Aynı gün Kşesinskaya Sarayı’nın balkonuna çıkıp, Kronstadt’tan gelmiş bulunan
bahriyelilere hitap etti. Onlardan mücadeleye sadık kalmalarını, kararlı
duruşlarından vazgeçmemelerini ve hep tetikte kalmalarını istedi.
“Tüm
iktidar Sovyetlere!” gibi Bolşevik sloganlarının atıldığı gösteriye beş yüz binin
üzerinde insan katıldı. Göstericiler, Merkezî Yürütme Komitesi’nin iktidarı
almasını talep ettiler. Sosyalist Devrimcilerin ve Menşeviklerin başında
bulunan liderler, bu talebe karşı geldiler.
Sosyalist-Devrimcilerden
ve Menşeviklerden oluşan Merkezî Yürütme Komitesi’nin bilgisi ve göz yumması
neticesinde Geçici Hükümet, yedek subay ve Kazak birliklerine göstericilere
müdahale emri verdi. Askerler, kitleye ateş açtılar. Gösteriyi dağıtmak için cepheden
karşı devrimci askerî birlikler getirildi.
Merkezî
Komite ve Petrograd Komitesi’nin Lenin başkanlığında 4 Temmuz’u 5 Temmuz’a
bağlayan gece gerçekleştirdiği toplantıda, gösterinin örgütlü bir biçimde sonlandırılmasına
karar verildi. Bu gayet makul olan hamle sayesinde parti, vaktinde geri çekildi
ve devrimin ana güçlerinin yaşayacağı yenilgiyi savuşturma imkânı buldu.

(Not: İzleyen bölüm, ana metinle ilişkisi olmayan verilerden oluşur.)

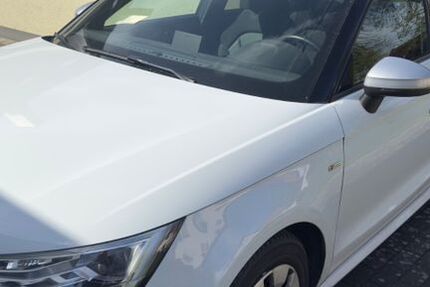 Audi A1 82.000 km 14.200 &euro; Lage 32791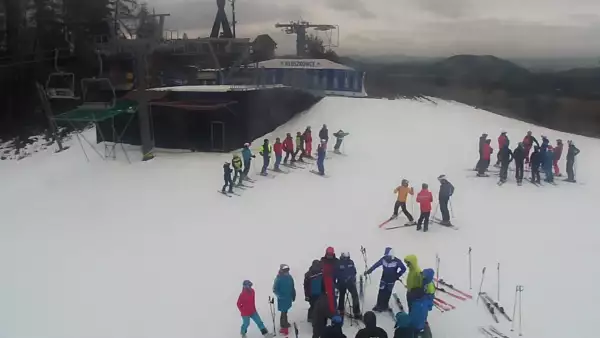 Panoramiczny obraz na żywo z górnej stacji ośrodka Czorsztyn Ski przedstawiający warunki narciarskie panujące w Czorsztynie - Kluszkowcach.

Menşevikler ve Sosyalist Devrimcilerse kendilerini karşı devrimin safında
buldular. Bu iki kesim, karşı devrime yardımda bulundu, suç ortaklığı etti. Bolşevik
Partisi’ne saldıran burjuvaziyle yan yana geldi. Bu süreçte Pravda, Soldatskaya
Pravda gibi Bolşevik gazeteleri kapatıldı, işçilerin paralarıyla kurulmuş
olan Trud isimli matbaa imha edildi. İşçilerin ellerindeki silâhlar alındı, tutuklamaların,
ev aramalarının ve kıyımların damgasını vurduğu süreç başladı. Petrograd
garnizonundaki devrimci birlikler, başkentten alınıp cepheye gönderildiler.
“Temmuz
günleri”nden sonra ülkede iktidar, tümüyle Geçici Hükümet’in eline geçti,
Sovyetler, ona bağlı olan, her türlü kudretten yoksun birer uzantısı hâline
geldiler. İkili iktidarın yanında, devrimin barışçıl bir biçimde geliştiği
dönem de sona ermiş oldu. Bolşevikler, artık Geçici Hükümet’i yıkma amacı
doğrultusunda silâhlı bir ayaklanma pratiğine hazırlık yapma göreviyle karşı
karşıya kalmışlardı. Lenin, Temmuz günlerini “Üç Kriz”, “Bir Cevap”, “Marksizm ve Ayaklanma” “Rus Devrimi ve İç Savaş” gibi makalelerinde
anlatmaktadır (Collected Works, Cilt. 25, s. 169-73, s. 208-18, Cilt. 26, s.
22-27 ve s. 28-42).
[5] Burada Lenin, 6 (19) Temmuz 1917’de katledilen Bolşevik I. A. Voinov’dan bahsediyor. Voinov, Pravda gazetesinin muhabiriydi, aynı zamanda gazetenin matbaasında çalışıyordu. Gazetenin büroları kapatılınca Voinov, Listok Pravdy isimli gazetenin çıkartılması sürecine dâhil oldu. Bugün Voinov Caddesi olarak anılan Şpalernaya Caddesi’nde gazete dağıtımı esnasında katledildi.